Before returning the data, strip out the pictures and keep everything else exactly the same.

• [SOURCE MATERIAL]:
· · ·

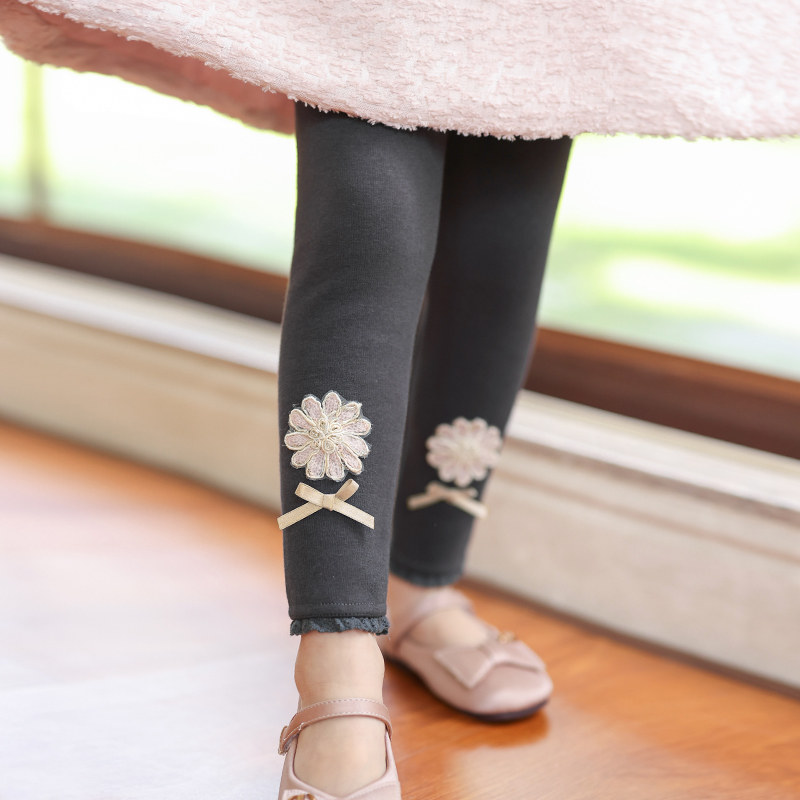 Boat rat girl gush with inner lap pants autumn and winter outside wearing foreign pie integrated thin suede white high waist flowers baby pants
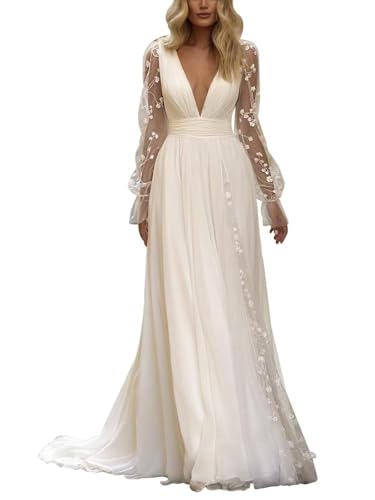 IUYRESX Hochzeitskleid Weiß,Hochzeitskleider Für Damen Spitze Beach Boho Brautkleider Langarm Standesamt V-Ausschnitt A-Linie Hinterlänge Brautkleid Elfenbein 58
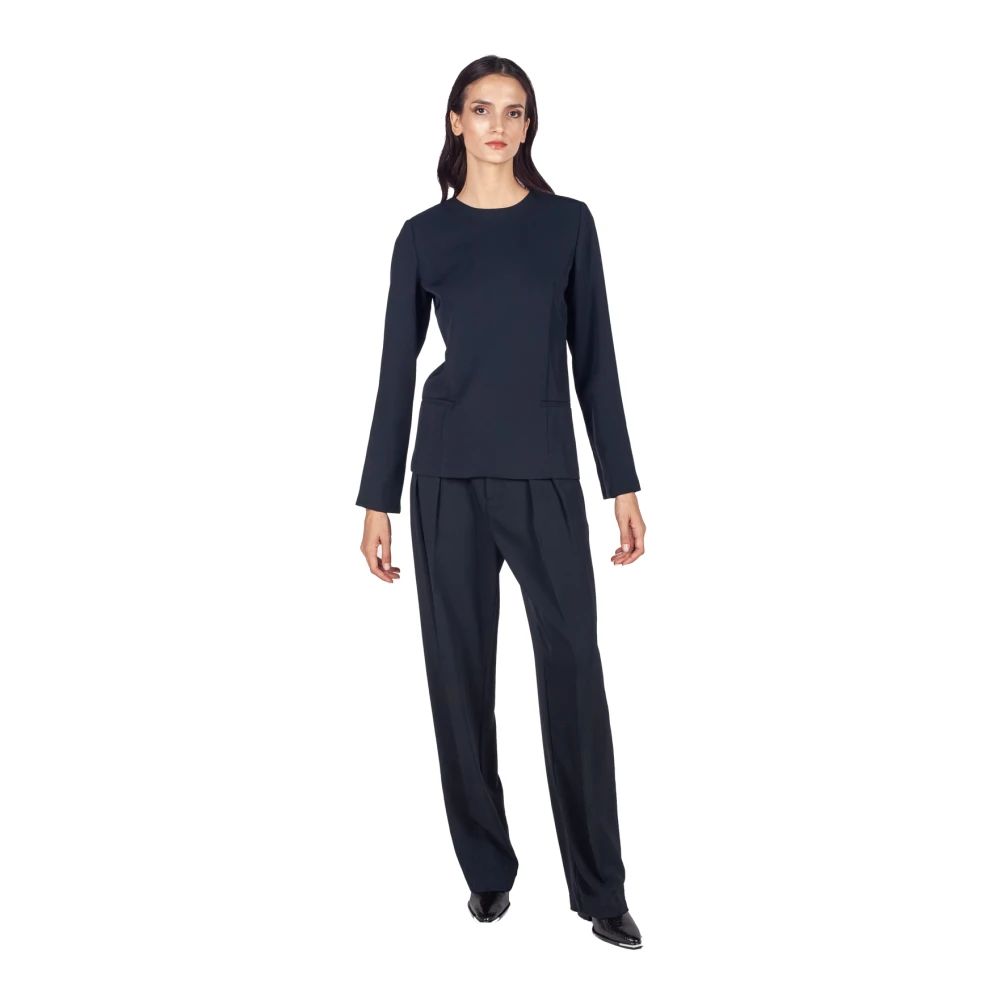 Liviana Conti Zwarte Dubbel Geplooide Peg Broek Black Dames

· · ·

• [SOLUTION TO THIS TASK]:
 Boat rat girl gush with inner lap pants autumn and winter outside wearing foreign pie integrated thin suede white high waist flowers baby pants
 IUYRESX Hochzeitskleid Weiß,Hochzeitskleider Für Damen Spitze Beach Boho Brautkleider Langarm Standesamt V-Ausschnitt A-Linie Hinterlänge Brautkleid Elfenbein 58
 Liviana Conti Zwarte Dubbel Geplooide Peg Broek Black Dames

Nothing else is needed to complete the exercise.